Election candidate suggests
Omtzigt: 'Use expat tax advantage to help students'
On Monday, MP Pieter Omtzigt submitted an amendment to a section of the law that grants highly educated expats a 30-percent reduction on the tax deducted from their salaries in the first five years of their stay in the Netherlands. This is meant to compensate for the costs of moving to the country and make the Netherlands more attractive to foreign talent. This measure also applies to expats working in higher education and research.
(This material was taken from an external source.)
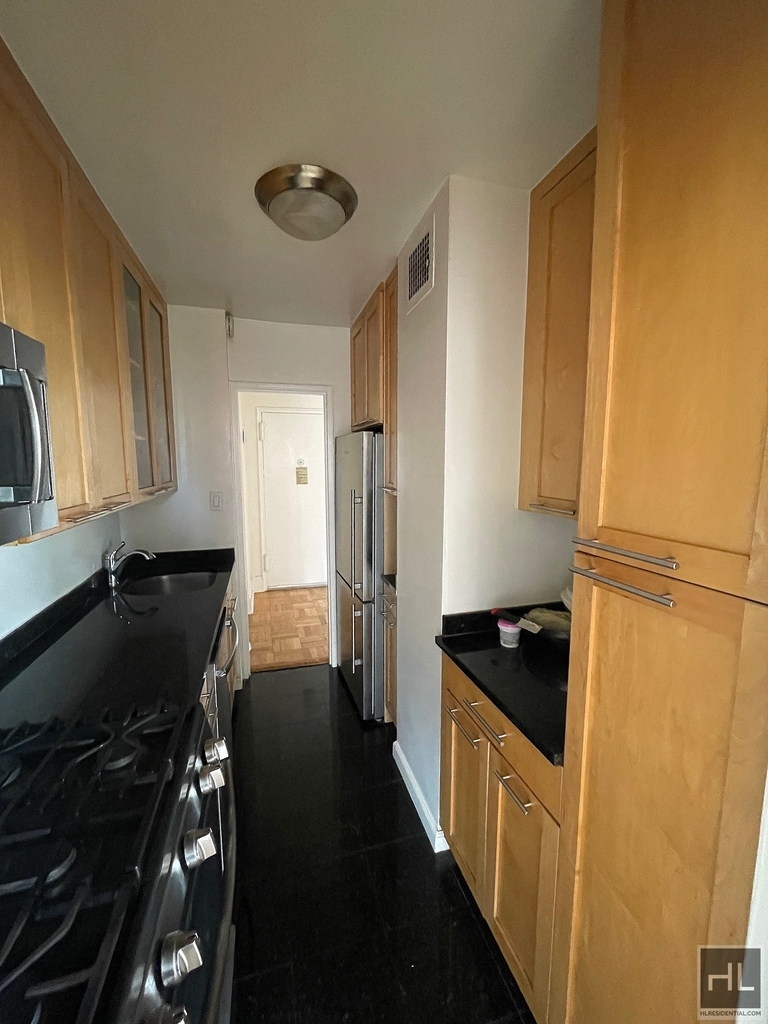 East 79th Street - Photo 0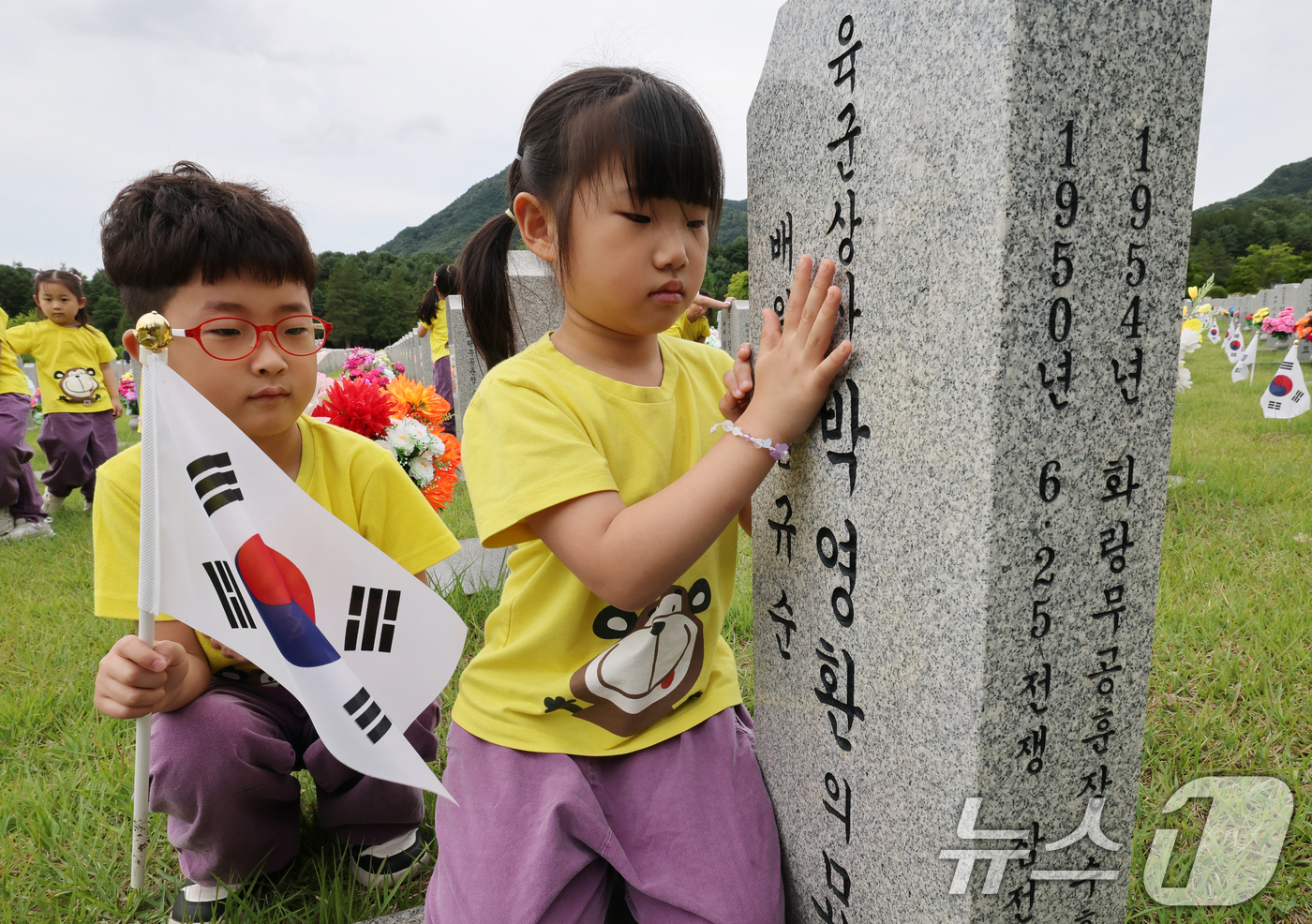 (대전=뉴스1) 김기태 기자 = 6·25 전쟁 76주년을 하루 앞둔 24일 대전 유성구 국립대전현충원 장병 1묘역에서 어린이집 원생들이 6·25 참전용사 묘비에 참배하고 있다. 2 …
If Omtzigt has his way, the scheme will become more austere. He would like to reduce the duration of the tax education to twenty months as of 1 January 2024. In the twenty months after that, there would be a 20 percent reduction, and in the remaining twenty months, a 10-percent discount would apply.
194 million
According to Omtzigt, this would save the treasury millions of euros: from 3 million euros in 2025 to 194 million euros in 2029 and beyond. He is asking the government “to use the entirety of the sum that would be freed up to decrease the interest on student loans incurred by the so-called unlucky generation (students who didn’t receive the basic student grant, a monthly allowance that was scrapped in 2015 and reinstated in 2023, Ed.)."
Interest in student debts will increase five-fold as of January 1. The Dutch Student Union held a protest against that in The Hague on Wednesday.